» PROBLEM TO SOLVE: The listing below holds a line with "DOLCE & GABBANA SLINGBACKS" and a line with "Mitsseight Bali Graffiti". Reproduce those two lines exactly, plus everything between them.

» INPUT DATA:

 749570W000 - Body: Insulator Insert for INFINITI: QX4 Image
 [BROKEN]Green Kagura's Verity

--

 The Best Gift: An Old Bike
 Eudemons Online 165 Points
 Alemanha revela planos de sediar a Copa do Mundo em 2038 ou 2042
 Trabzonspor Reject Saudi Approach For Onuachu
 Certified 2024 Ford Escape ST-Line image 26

...

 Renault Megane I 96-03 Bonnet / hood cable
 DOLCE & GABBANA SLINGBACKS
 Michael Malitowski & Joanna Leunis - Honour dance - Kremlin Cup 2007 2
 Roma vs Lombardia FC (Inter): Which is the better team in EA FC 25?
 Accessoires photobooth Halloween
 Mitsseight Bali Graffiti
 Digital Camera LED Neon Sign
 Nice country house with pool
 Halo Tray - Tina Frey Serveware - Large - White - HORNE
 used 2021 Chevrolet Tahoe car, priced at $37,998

» RESULT OF THIS TASK:
 DOLCE & GABBANA SLINGBACKS
 Michael Malitowski & Joanna Leunis - Honour dance - Kremlin Cup 2007 2
 Roma vs Lombardia FC (Inter): Which is the better team in EA FC 25?
 Accessoires photobooth Halloween
 Mitsseight Bali Graffiti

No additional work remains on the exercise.